Market pressure intensifies
Since the start of the week, cryptocurrency capitalization has fallen to $3.64 trillion. Bitcoin dropped 3% in a day, Ethereum, Solana, and BNB lost about 5%, and XRP fell below $2.40, failing to meet expectations for ETF approval.
Regulatory stagnation increases uncertainty. Due to the US government shutdown, the Securities and Exchange Commission froze nearly 90 applications for crypto funds, including products based on Solana and XRP. Inflows into existing Bitcoin ETFs also decreased — from $159 billion to $146 billion.
Capital returns to risk
Against the backdrop of market weakness, investors’ attention switched to a new initiative by the largest American bank — a $1.5 trillion investment program to restore US industrial infrastructure.
This project is not directly related to crypto, but the massive liquidity injection stimulates risk appetite. Analysts believe that part of the funds may seep into digital assets, increasing market volatility.
Bitcoin holds key support
The $107,000 level has become the main benchmark for traders. If buyers can hold it, institutions may continue to buy the dips and stabilize the price. Otherwise, the market may see a move to $105,000, and altcoins face a new wave of decline.
Trading volumes remain moderate, and market participants are taking a wait-and-see approach. Investors are watching ETF inflow dynamics and regulator decisions, waiting for reversal signals.
Sentiment is mixed
A short-term rebound is possible: after two days of declines, the market often recovers. But without a confident flow of funds into ETFs and without institutional participation, any growth risks remaining local.

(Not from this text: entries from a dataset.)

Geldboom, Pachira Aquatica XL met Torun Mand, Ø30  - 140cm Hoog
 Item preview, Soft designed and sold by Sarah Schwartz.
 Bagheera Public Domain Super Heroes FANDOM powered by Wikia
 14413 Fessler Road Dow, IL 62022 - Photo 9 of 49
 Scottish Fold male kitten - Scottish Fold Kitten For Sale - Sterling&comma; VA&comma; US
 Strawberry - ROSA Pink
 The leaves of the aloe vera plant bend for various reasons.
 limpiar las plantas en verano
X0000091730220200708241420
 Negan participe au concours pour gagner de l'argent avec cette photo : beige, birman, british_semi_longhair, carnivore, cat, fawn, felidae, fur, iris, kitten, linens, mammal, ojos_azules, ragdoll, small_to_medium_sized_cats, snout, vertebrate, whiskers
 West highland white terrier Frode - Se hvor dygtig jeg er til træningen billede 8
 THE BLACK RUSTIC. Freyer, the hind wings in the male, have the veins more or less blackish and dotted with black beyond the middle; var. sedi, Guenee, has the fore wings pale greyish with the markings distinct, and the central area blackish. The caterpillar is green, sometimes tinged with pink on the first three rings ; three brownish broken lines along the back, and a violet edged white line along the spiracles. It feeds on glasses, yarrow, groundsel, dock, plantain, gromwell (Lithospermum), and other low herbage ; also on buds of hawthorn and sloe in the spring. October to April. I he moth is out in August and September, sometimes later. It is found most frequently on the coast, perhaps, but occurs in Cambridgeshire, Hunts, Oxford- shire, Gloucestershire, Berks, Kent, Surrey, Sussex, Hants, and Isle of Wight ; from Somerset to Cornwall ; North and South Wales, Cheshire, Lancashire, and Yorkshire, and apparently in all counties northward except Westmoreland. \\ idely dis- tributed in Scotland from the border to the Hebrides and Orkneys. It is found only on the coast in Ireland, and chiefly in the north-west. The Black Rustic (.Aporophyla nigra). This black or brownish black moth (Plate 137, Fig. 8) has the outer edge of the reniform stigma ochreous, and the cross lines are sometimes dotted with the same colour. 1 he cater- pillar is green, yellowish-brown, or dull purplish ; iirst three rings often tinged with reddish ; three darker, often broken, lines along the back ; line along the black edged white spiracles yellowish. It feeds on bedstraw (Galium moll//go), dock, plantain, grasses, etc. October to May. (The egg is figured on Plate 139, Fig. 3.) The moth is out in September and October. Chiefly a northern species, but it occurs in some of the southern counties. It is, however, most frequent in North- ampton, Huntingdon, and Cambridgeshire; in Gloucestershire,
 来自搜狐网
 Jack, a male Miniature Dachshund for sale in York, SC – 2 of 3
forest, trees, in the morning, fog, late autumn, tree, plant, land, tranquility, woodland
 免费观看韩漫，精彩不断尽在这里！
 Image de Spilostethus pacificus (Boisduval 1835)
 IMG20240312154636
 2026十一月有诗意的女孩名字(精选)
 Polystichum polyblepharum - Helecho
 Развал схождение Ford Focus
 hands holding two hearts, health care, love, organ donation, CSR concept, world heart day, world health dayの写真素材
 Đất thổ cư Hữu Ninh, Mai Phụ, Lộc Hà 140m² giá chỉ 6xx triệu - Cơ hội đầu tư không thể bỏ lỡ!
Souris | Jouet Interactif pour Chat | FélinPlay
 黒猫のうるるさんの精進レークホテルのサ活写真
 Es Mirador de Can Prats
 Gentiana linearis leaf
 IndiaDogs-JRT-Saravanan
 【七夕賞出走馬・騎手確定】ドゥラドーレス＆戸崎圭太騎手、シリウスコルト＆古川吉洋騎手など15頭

For many, Cramer’s words sound like a reverse indicator — when he talks about growth, the market often goes down. Against the backdrop of falling capitalization and slowing ETF inflows, this sounds more like a reason for caution than a buy signal.
What’s next?
In the coming days, the market’s attention is focused on the $107,000 mark. Holding this level may revive buyer interest, while a breakdown could open the way to $105,000 and intensify the correction. The fate of Bitcoin’s next move depends on whether liquidity appears from funds and how quickly the SEC resumes operations.